If you are writing a research report, you might look at:

  • Abstract
  • Introduction
  • Literature Review
  • Methodology/Methods
  • Findings/Results and Discussion
  • Conclusion
  • Reference List/Bibliography
  • Appendix

If you are writing a business report, you might look at:

  • Executive Summary
  • Introduction
  • Findings/Results and Discussion
  • Conclusion
  • Reference List/Bibliography
  • Appendix

If you are writing a technical report, you might look at:

  • Abstract
  • Introduction
  • Findings/Results and Discussion
  • Conclusion
  • Reference List/Bibliography
  • Appendix

There are different chapter combinations depending on your type of project – consult your supervisor if you are unsure. There are more example structures within the advice about creating a coherent structure directly below.


Creating a coherent structure

You will need to consider both the overall structure of your project and the structure within each chapter/section. It will be easier to understand and identify your key points if your work is organised in a logical and coherent manner. This means thinking about your reader; what do they need to know and in what order? You should have a clear idea of the questions you are answering and the argument(s) that will build throughout your project. Each chapter/section should link together with a common theme that underpins the whole of your work, and should lead towards a logical conclusion.

It can be useful to outline the overall structure as part of your introduction particularly if you are not using a prescriptive structure (i.e. intro, literature review, methodology, findings, discussion, conclusion). Explain briefly to the reader what will be in each chapter and why. Outline your key arguments and the order in which they will be presented. It can also be useful to include a short introduction and conclusion within each chapter.

Use meaningful headings and sub-headings to guide your reader through your written work. The examples below show tables of contents for different types of research project. You will notice that each project uses very specific headings to inform their reader of what to expect in that section. This will help the reader, but also helps you to plan your content and ensure it is in a logical order and directly relevant to your topic.

Video - What does a coherent structure look like? View video using Microsoft Stream (link opens in a new window, available for University members only).


Abstract or executive summary

Presented at the start of your research project after the title page, the abstract provides a brief summary of your whole project and should be written at the end of the process. It should include:

  • The purpose of the research project and the question you are attempting to answer

  • The methods you used to conduct your research

  • The main findings and conclusions

If you are writing a business report you may be expected to include an executive summary instead of an abstract. Written last, it will be presented after the title page and will provide a summary of the report. It will usually be longer than a research abstract (approx. 2 paragraphs), and will:

  • Outline the key problem

  • Identify the scope and objectives

  • Emphasise the main findings and conclusions

  • Highlight the crucial recommendations


The Introduction

This is where you will set the scene for the rest of your project. There is not one way to write it, but asking yourself these questions can help you to present a clear and well-structured introduction:

  • What are you doing?
    What do you understand about the topic, and how do you unpack and interpret your research question? This will usually require you to include background information that your reader needs to know to be able to understand your research. Are there any key concepts or terminology that you need to define?

  • Why are you doing?
    Tell your reader why it’s an important problem, indicate any previous scholarship you are building on, identify any debates, show the ‘gap’ that your research is addressing, how significant a problem it is and why it needs solving.

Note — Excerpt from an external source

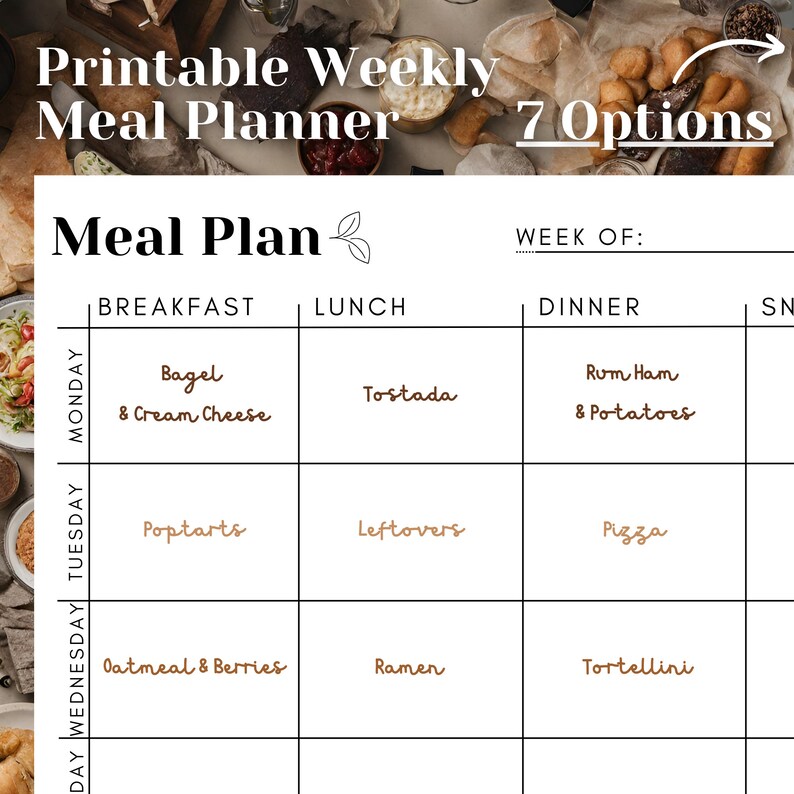 Printable Weekly Meal Planner, Simple Daily Meal Organizer, Instant ...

  • How are you going to do it?
    How are you going to do it? What will your structure be? What will you include in each section or chapter of your project? If relevant, what theoretical framework, methods or data sources/ materials will you use? Do you need to set and refine your scope i.e. a case study or particular context?

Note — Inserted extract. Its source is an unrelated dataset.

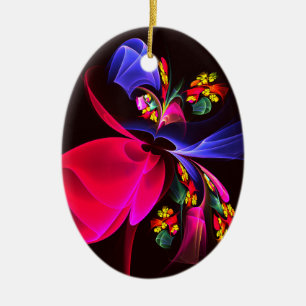 Modern kleurrijk bloemig Abstract kunstpatroon #06 Keramisch Ornament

If you are not incorporating a separate literature review or background chapter you might include a review of relevant current literature in your introduction.


Themed Chapters

The use of themed chapters is common in arts and humanities, or if you are undertaking a literature-based project. These chapters are where you will present and build your arguments. Each chapter should deal with a major aspect of your subject but link together. Remember you are constructing an argument, not just reporting your research or the research of others. You should analyse and evaluate the primary evidence, arguments ideas and conclusions presented.

Give your chapter clear titles, not just chapter 1, chapter 2 etc. Your title should accurately reflect the content and should be consistent in terms of tone and writing style.


Literature review

You will probably find that you have a lot of material to read through for your research project, and that can feel overwhelming. There are different strategies that you can use to help make your reading more efficient and to decide which sources are relevant to your project.

Video - What is a literature review and why is it an important part of a research project? View video using Microsoft Stream (link opens in a new window, available for University members only).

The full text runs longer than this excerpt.